The Ukrainian interior ministry said that the accusation was “nonsense”. Andriy Yusov, a spokesman for the ministry, described the FSB and other Russian law enforcement agencies as “fake structures of the Putin regime”.
The bridge, which was hailed by the Kremlin as one of the key achievements of Putin’s rule, had been used to move weapons and troops to Ukraine. Russia responded by launching missiles at ten Ukrainian cities on Monday, killing at least 19 people and destroying parts of the country’s power grid.
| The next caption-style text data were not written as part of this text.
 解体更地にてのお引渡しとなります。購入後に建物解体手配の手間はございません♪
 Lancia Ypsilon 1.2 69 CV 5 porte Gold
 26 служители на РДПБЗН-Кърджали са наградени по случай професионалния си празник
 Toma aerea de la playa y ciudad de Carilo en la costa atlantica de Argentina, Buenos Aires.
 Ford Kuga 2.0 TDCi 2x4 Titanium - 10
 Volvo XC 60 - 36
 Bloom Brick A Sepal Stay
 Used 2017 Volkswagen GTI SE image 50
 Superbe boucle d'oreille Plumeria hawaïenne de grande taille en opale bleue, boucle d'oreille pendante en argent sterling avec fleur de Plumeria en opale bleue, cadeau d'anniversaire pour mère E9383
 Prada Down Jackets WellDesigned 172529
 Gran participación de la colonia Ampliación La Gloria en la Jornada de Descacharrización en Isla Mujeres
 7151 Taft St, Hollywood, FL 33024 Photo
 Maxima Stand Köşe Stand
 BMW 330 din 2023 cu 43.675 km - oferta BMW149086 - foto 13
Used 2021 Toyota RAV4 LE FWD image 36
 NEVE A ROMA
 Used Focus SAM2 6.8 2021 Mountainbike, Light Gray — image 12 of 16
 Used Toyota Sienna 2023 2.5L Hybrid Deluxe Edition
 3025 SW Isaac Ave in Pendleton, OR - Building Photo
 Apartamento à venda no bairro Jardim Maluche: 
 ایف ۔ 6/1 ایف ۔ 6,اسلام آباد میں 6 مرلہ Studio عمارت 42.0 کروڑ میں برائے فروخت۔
The FSB also said today that it had arrested two Ukrainian citizens who were suspected of preparing attacks with a portable missile launcher near Moscow and to blow up a transport hub in Bryansk, a city in western Russia. The FSB, which was once headed by Putin, routinely tortures innocent people into admitting terrorism charges, human rights groups say.
Putin is expected to meet President Erdogan of Turkey on the fringes of a summit in Kazakhstan today, according to Turkish officials. Erdogan has previously tried to mediate between Kyiv and Moscow. Ankara called yesterday for renewed efforts to end the seven-month long war.
Putin is also set to meet Rafael Grossi, head of the UN’s nuclear watchdog, in Kazakhstan. The meeting comes after a recently restored power line supplying the Russian-occupied Zaporizhzhya nuclear power plant was again shut down, forcing the plant to switch to emergency diesel generators.
Ukraine’s state nuclear operator Energoatom said the plant had lost external power necessary to run vital safety systems after a Russian missile damaged a vital substation. Grossi said the news was “a deeply worrying development” .
Overnight, further Russian missile attacks were reported in Zaporizhzhya, the Dnipro region and the Mykolaiv region of Ukraine. No deaths were reported.
Five blasts were also heard in the Russian-controlled city of Kherson early today, prompting air defence systems to be activated. Kherson was one of the first cities to fall to Russian forces after they launched their invasion of Ukraine in February.
Ukraine also said it had reclaimed five more settlements from Russia in the wider Kherson region as Kyiv continues its counteroffensive in the south of the country.
Despite Russia’s recent military setbacks, the Kremlin insisted that it still intended to carry out the “demilitarisation and denazification” of Ukraine. Dmitry Peskov, the Kremlin spokesman, also said that there were no plans for a meeting between Presidents Biden and Putin on the fringes of the G20 summit, due to take place in Indonesia next month.